## What you will do
Every entry must reappear in your answer exactly as written, though its pictures must not.

(Records supplied begins)

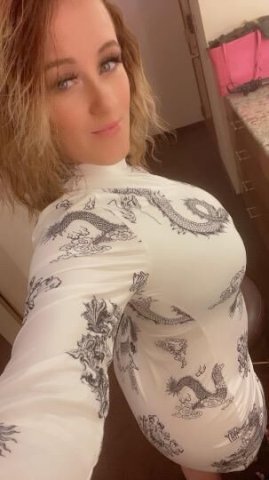💦💦miss booty finally back and ready 😉 with a girlfriend - 1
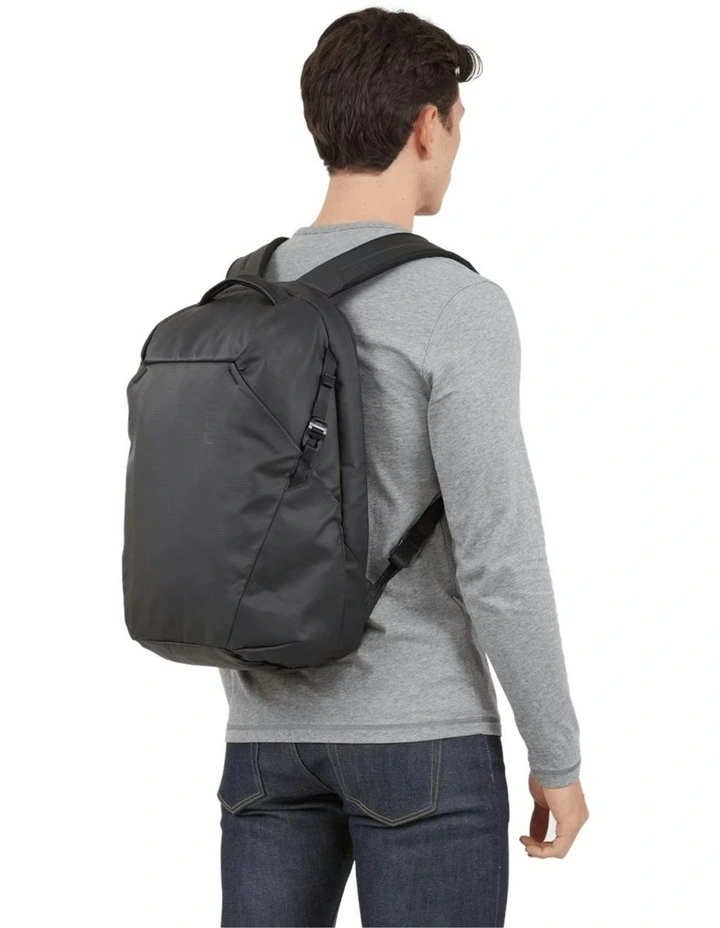 Tact Backpack Bag 21L in Black image 3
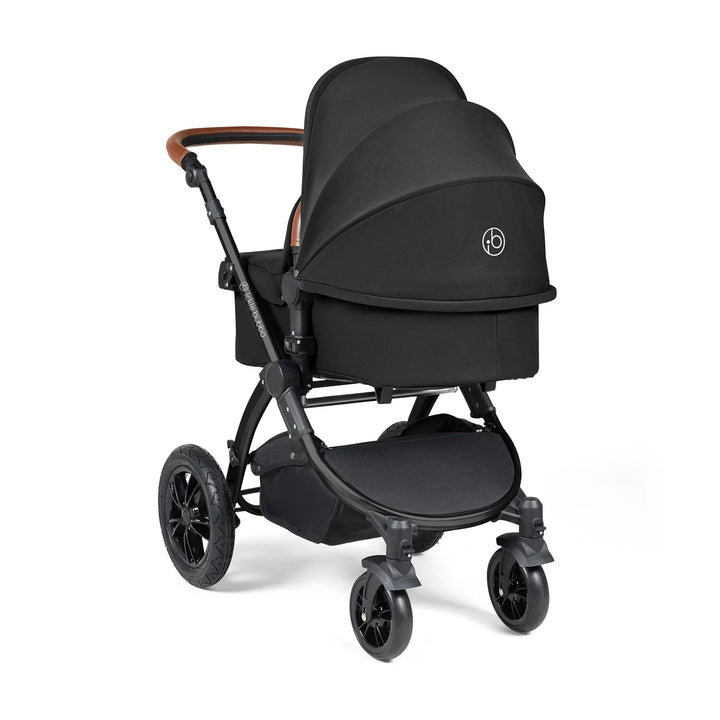 This travel system is ideal for park walks and city adventures.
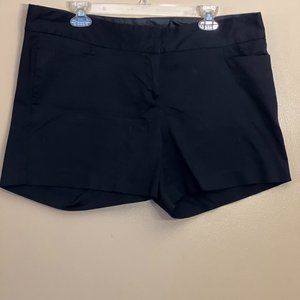 The Limited  Tailored Shorts Women's Size 14 Solid Black Stretch 5 inch inseam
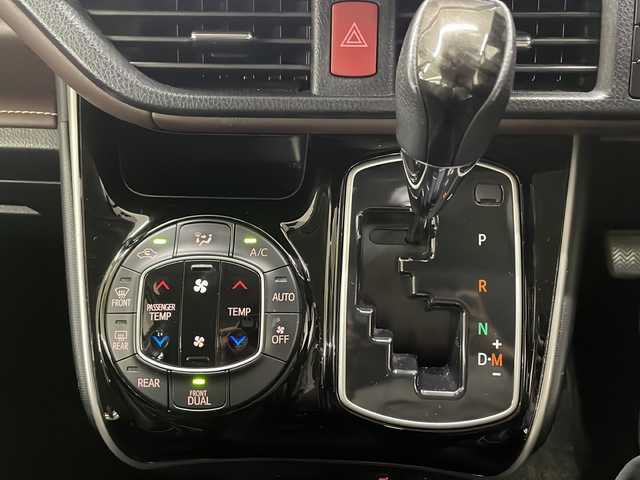 トヨタ エスクァイア Gi 長崎県 2014(平26)年 8.5万km シルバーM 純正ナビ/AM/FM/フルセグ/BT/バックカメラ/両側パワースライドドア/フリップダウンモニター/ハーフレザーシート/パーキングアシスト/LEDヘッドライト/コーナーセンサー/ドライブレコーダー/オートマチックハイビーム/ETC/純正フロアマット/スペアキー有り（1本）/保証書/取扱説明書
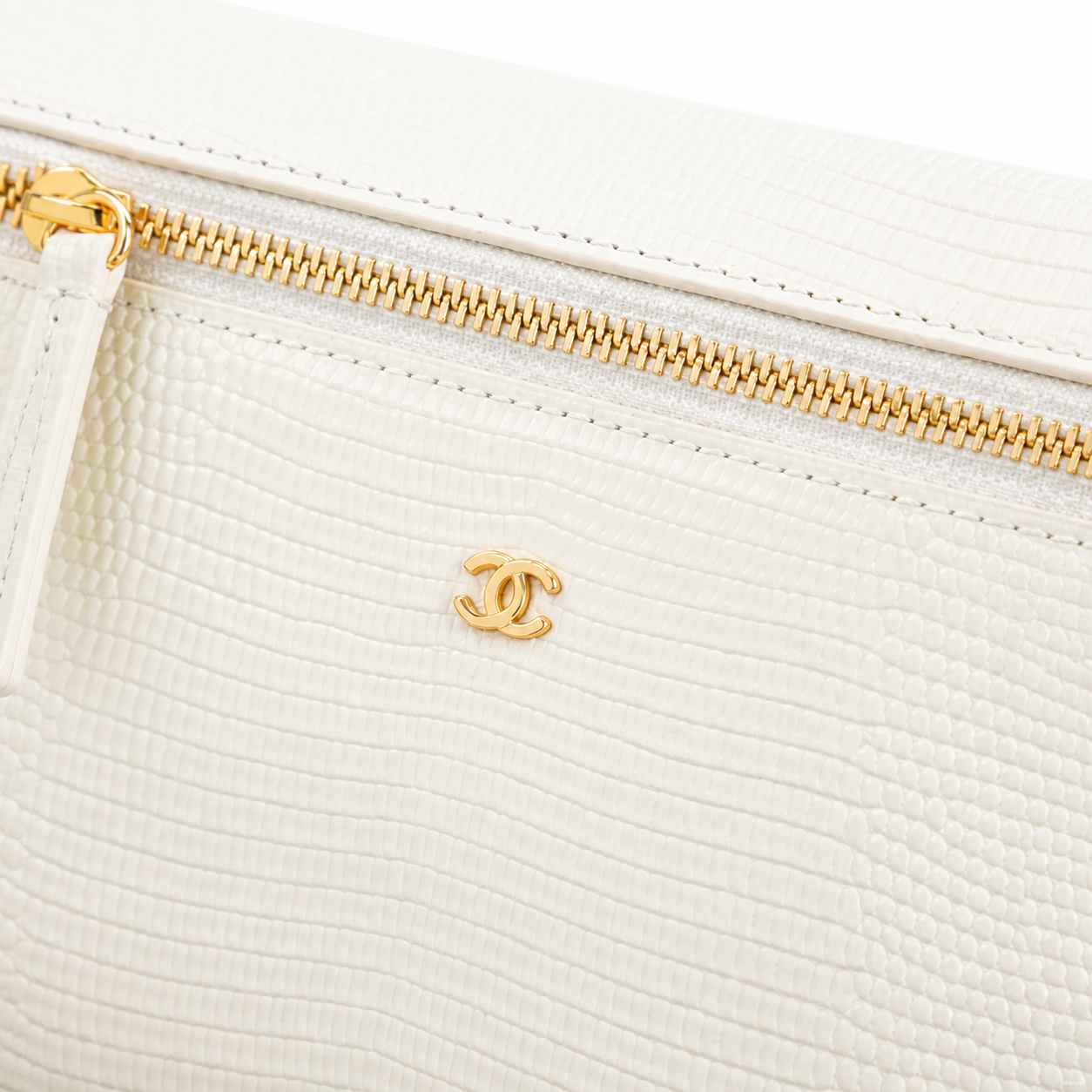 Chanel White Croc-Embossed Vanity Case | Back Zip Pocket & Lobster Clasp — 18cm
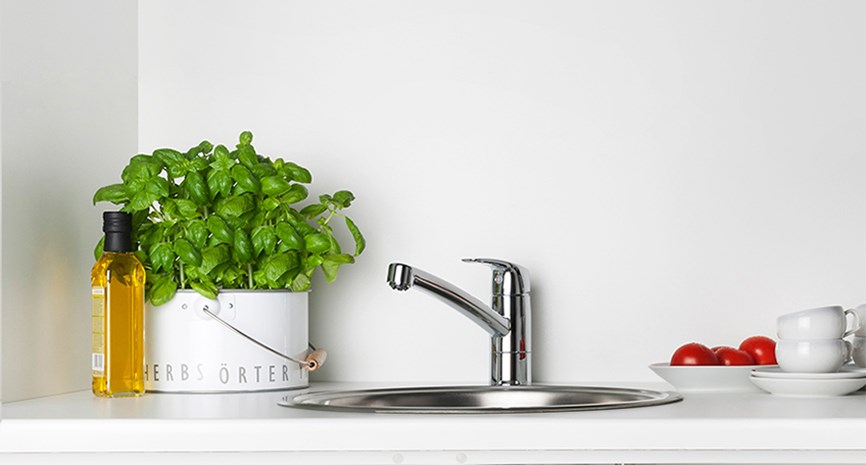 Oras Safira kjøkkenkran med tilhørende vannvarmer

(Records supplied ends)

## Completed task
💦💦miss booty finally back and ready 😉 with a girlfriend - 1
 Tact Backpack Bag 21L in Black image 3
 This travel system is ideal for park walks and city adventures.
 The Limited  Tailored Shorts Women's Size 14 Solid Black Stretch 5 inch inseam
 トヨタ エスクァイア Gi 長崎県 2014(平26)年 8.5万km シルバーM 純正ナビ/AM/FM/フルセグ/BT/バックカメラ/両側パワースライドドア/フリップダウンモニター/ハーフレザーシート/パーキングアシスト/LEDヘッドライト/コーナーセンサー/ドライブレコーダー/オートマチックハイビーム/ETC/純正フロアマット/スペアキー有り（1本）/保証書/取扱説明書
 Chanel White Croc-Embossed Vanity Case | Back Zip Pocket & Lobster Clasp — 18cm
 Oras Safira kjøkkenkran med tilhørende vannvarmer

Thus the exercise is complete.